雑記 夢
ふと、気が付くと、荒涼の街に二人、立っていた。隣に立ちたるは、懇意の友人、S君である。
どうも油断するとまずい様なので、一先ず、と歩き出した。
一人の少女が立っている。目には両の目を隠すように細長い布、手には、一つの鞠。ぽおん、ぽおん、と宙に浮かべながら、全くの無表情で立っている。
近づくと、顔色一つ変えずゆっくりと此方を見て、何処へとも無く、消えてしまった。
歩く。
見渡しても、見渡しても、味気無く荒れ果てた、ビルの街。未だに、一つの状況も理解せられないので、兎に角歩く。
暫くの間、辺りを回ったが、何も無い。
また、歩く。
すると、先刻の少女がまた、ぽおんと鞠を真上に放りながら、立っていた。
そして、また、消えた。
風が、方方から、吹いてくる。寒い。そう思った。雨が降っている訳でも、雪が降っている訳でも、暗雲立ち込めている訳でも無い。海の様な空である。ただ、寒かった。凛とした、真冬の、しんとした、寒さであった。辛くも、痛くも、無い。唯何処か侘しい、寒さであった。
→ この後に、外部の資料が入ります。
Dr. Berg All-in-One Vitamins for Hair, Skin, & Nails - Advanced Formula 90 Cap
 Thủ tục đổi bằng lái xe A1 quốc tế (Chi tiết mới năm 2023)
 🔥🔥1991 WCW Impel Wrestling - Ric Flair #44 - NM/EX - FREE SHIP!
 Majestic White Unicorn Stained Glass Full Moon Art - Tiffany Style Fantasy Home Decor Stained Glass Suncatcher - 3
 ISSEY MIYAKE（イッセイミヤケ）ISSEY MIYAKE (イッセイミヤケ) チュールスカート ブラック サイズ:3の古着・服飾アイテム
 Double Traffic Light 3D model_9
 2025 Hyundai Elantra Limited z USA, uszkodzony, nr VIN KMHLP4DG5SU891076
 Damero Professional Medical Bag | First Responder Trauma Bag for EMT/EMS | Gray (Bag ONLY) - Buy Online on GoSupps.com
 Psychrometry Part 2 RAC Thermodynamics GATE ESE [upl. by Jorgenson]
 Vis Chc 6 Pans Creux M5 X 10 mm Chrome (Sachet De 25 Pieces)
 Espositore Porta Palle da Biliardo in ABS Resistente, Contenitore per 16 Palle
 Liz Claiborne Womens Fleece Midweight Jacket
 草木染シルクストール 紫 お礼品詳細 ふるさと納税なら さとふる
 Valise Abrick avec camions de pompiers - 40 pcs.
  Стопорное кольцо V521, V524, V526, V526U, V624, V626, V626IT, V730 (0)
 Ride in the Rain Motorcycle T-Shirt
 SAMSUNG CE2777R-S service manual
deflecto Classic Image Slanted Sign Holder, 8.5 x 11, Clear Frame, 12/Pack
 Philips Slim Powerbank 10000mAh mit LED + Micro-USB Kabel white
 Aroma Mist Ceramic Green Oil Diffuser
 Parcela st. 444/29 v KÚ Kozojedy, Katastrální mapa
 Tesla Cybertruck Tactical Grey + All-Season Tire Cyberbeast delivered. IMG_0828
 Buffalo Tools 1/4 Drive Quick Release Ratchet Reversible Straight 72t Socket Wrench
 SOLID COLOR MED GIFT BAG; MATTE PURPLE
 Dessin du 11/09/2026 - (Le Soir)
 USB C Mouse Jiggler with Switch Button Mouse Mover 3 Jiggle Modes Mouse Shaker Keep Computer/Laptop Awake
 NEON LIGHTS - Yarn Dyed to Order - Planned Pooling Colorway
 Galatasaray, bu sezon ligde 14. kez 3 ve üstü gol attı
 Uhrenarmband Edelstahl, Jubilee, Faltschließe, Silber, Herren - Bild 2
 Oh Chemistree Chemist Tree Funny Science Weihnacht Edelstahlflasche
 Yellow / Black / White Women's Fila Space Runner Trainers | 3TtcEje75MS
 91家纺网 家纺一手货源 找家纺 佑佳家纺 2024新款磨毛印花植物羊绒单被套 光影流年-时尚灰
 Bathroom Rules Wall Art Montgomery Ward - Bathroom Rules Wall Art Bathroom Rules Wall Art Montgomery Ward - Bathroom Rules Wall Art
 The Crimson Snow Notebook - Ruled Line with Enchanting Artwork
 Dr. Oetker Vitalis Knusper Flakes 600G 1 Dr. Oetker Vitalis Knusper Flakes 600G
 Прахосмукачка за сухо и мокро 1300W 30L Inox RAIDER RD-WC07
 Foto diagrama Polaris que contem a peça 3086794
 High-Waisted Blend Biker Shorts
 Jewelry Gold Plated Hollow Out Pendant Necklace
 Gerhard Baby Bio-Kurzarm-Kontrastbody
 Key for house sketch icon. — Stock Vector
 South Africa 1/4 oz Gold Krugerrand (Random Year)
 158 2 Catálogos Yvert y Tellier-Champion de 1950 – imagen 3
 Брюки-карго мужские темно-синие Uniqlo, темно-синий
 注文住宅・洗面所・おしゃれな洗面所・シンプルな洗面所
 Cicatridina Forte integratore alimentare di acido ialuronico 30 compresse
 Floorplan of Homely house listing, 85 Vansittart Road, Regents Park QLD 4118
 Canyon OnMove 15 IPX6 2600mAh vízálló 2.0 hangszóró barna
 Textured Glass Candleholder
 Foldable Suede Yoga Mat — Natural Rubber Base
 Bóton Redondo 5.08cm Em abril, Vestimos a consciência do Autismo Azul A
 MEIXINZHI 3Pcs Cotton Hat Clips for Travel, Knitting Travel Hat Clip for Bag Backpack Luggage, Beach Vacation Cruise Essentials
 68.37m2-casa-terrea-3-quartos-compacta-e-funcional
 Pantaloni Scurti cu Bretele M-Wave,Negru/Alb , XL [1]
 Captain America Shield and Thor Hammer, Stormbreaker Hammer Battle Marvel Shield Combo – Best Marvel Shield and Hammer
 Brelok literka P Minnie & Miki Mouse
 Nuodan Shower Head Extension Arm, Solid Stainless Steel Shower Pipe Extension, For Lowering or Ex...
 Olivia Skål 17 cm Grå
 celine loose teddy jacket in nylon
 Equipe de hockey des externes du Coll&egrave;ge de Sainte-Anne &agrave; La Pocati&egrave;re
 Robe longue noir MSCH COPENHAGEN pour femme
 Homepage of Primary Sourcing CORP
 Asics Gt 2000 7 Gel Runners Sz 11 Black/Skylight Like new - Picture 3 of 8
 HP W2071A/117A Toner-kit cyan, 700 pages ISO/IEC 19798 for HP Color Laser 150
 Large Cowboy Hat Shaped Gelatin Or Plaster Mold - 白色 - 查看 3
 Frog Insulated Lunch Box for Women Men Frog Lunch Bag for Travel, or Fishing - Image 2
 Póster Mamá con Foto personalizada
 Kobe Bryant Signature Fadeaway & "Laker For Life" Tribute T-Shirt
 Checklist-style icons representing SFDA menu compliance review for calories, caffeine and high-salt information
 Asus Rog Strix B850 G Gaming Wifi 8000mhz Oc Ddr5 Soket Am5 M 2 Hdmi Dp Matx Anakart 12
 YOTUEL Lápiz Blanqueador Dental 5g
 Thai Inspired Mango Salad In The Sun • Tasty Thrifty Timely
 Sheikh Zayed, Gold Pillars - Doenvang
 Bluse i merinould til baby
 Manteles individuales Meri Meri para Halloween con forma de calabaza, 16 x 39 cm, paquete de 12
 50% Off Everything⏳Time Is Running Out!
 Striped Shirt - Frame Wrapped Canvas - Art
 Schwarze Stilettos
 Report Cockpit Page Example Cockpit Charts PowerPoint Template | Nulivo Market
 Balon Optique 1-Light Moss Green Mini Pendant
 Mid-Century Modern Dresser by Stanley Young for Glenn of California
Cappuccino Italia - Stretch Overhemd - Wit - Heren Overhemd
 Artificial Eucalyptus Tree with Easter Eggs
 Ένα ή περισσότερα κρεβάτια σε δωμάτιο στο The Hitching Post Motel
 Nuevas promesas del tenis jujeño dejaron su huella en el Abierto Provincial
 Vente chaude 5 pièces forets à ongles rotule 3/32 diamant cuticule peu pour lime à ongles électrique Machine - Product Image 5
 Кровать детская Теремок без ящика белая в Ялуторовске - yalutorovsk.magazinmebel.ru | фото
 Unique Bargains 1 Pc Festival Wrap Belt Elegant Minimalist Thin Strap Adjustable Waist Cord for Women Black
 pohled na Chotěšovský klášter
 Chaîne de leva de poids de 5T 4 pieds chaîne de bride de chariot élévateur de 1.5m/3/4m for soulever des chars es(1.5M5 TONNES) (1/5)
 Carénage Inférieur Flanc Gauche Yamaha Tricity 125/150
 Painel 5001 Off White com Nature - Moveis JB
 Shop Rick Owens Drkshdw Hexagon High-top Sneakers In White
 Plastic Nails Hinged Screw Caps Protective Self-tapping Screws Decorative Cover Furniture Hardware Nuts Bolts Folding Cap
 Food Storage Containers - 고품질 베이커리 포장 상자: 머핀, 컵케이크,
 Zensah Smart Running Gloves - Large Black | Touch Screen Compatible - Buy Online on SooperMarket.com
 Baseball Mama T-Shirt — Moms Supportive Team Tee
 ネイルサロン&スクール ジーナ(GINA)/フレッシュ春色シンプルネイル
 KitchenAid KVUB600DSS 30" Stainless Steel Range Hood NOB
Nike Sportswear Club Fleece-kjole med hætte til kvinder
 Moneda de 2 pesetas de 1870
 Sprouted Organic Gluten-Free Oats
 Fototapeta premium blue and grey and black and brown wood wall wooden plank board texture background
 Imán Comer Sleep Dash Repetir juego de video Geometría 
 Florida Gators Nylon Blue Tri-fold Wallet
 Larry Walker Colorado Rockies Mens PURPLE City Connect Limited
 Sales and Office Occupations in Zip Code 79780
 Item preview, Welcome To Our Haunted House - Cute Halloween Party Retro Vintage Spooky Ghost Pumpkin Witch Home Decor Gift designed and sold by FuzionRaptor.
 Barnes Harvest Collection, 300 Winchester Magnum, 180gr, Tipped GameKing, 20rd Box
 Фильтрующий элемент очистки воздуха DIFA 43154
辺りの見当を、と、近くのビルの階段を上った。コツ、コツ、と、一段ずつ、上った。
屋上は、やはり寒かった。そして、あの少女もいた。柵の無い屋上の、端に立っていた。ぽおん、と鞠を投げていた。今度は、少女が先に、こちらに気づいた。
ゆっくりとこちらに顔だけを向けて、少女は手に持っていた鞠を、地に、そっと、おいた。そして、落ちた。一瞬の出来事であった。
確かに、少女は、落ちた。ビルの屋上から、すっと落ちた。私は狼狽した。
「下に戻ろう。」とS君は言った。
一階の入り口へと、また階段を下った。入り口に着いた。私は、ドアを開けることが出来なかった。真赤の洪水を予期したからである。
しどろもどろして居るうちに、目が覚めた。私がS君と交わした言葉は、あの一言だけであった。